Valentín Jorge Sánchez hizo lo que pudo pero el Tete se fue al infierno de Segunda, del que apenas ha vuelto a sacar la cabeza en un par de ocasiones fugaces, en los últimos veintidós años, como si se tratara de un Sísifo en versión chicharrera, resignado a consolarse con breves treguas durante la eterna tortura de su condena.
Sin embargo, la vida le deparó a Robi un tormento aún peor y más cruel. El último tramo de su vida fue víctima de un proceso irreversible de deterioro cognitivo que lo fue consumiendo en una delgadez imparable (que convirtió en una sombra su estampa de potente centrocampista de esfuerzos titánicos y de un coraje a prueba de golpes y de conmociones cerebrales: sufrió varias de ellas a lo largo de su trayectoria profesional) y, lo que es peor, le fue borrando los recuerdos, le fue arrinconando en una estancia cada vez más aislada de su mente, hasta la que llegaban, como tenues e intensos fogonazos de luz, los cuidados constantes de su esposa (profesora de Secundaria, a quien Robi conoció y de la que se enamoró sin remedio durante su glorioso periplo en el Salamanca) y del cariño de sus dos hijos y nietos.
A Robi lo visité en su casa de El Sauzal la mañana del día en que su ex-equipo afrontaba la segunda final de la Copa de Europa en su historia. Sobra recalcar que aquel encuentro resultó, a la larga, el más hermoso y emocionante pasaje vivido en todo el día. Como fue constatar la naturaleza rebelde e inconformista de un hombre que jamás se plegó a las exigencias caprichosas de nadie (lo que le costó no ir convocado al Mundial de Argentina, en 1978, cuando se había ganado el puesto) y que fue de los primeros jugadores en reivindicar mejoras económicas en la España postfranquista, en la que los clubs, en muchos aspectos, funcionaban como auténticas compañías negreras (o negreiras, como lo prefieran).

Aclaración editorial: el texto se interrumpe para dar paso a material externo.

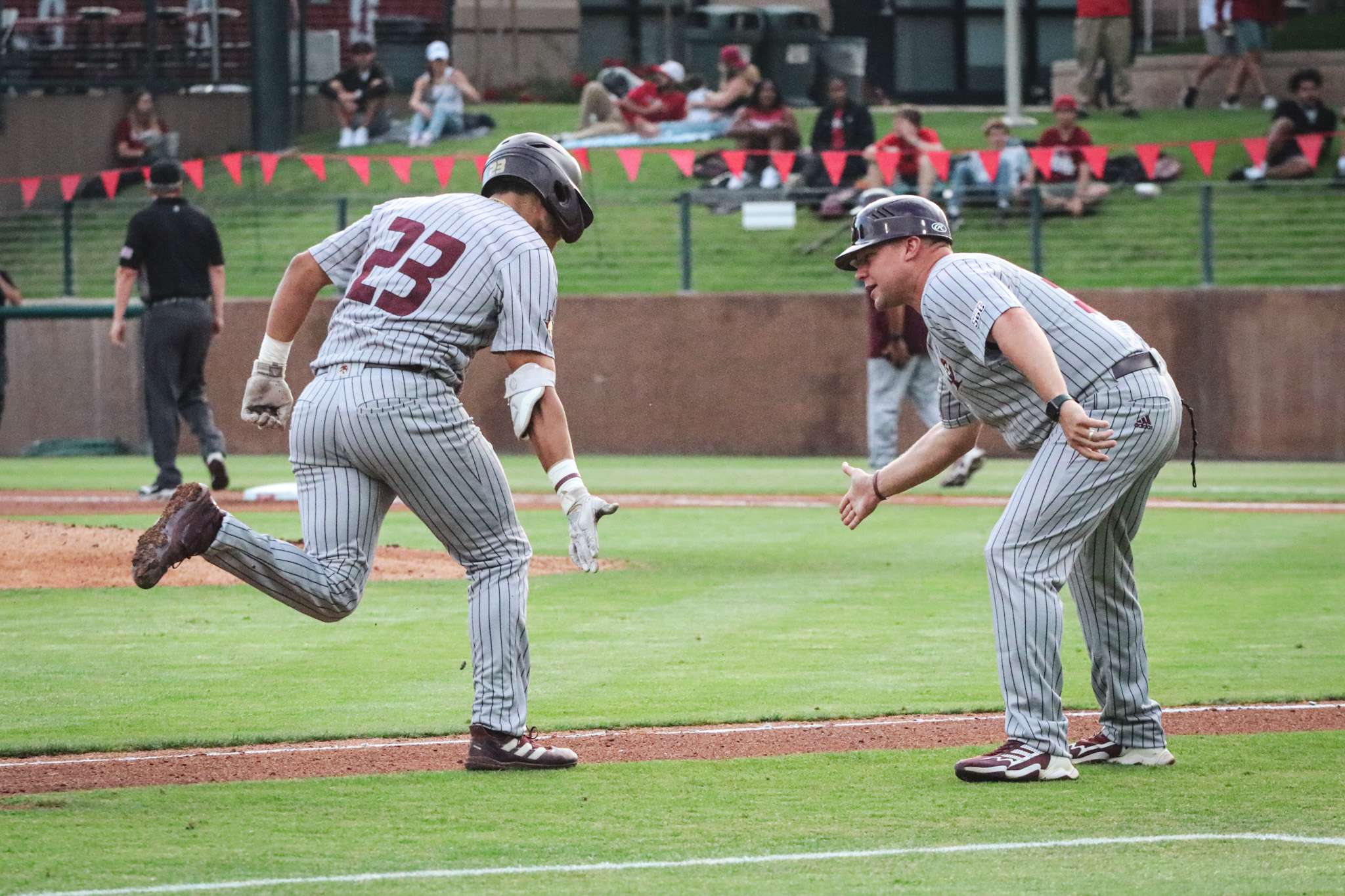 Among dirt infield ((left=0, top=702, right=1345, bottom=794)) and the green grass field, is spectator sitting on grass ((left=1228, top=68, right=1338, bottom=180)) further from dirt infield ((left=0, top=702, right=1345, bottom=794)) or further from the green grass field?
dirt infield ((left=0, top=702, right=1345, bottom=794))

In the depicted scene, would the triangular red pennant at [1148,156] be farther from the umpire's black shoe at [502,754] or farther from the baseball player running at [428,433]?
the umpire's black shoe at [502,754]

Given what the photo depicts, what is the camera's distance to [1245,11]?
27.1 metres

Cinco años después de aquella visita, cuando pisé por ver primera (y hasta hoy última) el Nuevo Metropolitano, me vi a mí mismo como una especie de Elie Walach, en bermudas y veraniego, recorriendo con la misma enloquecida ansiedad que él, entre las tumbas de Sad Hill, al final de El bueno, el feo y el malo, mientras buscaba el nombre de Robi (y el de Miguel González, ‘Fife’), entre las placas que alfombran el Paseo de las Leyendas, en la avenida Luis Aragonés (¿Quién si no, eh?).
Como escribí entonces y vuelvo a hacer ahora: te recuerdo, Robi.
Descansa en paz, junto a tus ex compañeros y tus ex entrenadores, en el Tercer Anfiteatro del Vicente Calderón, que es como un tercer peldaño, modesto y apacible, que lleva a la eternidad.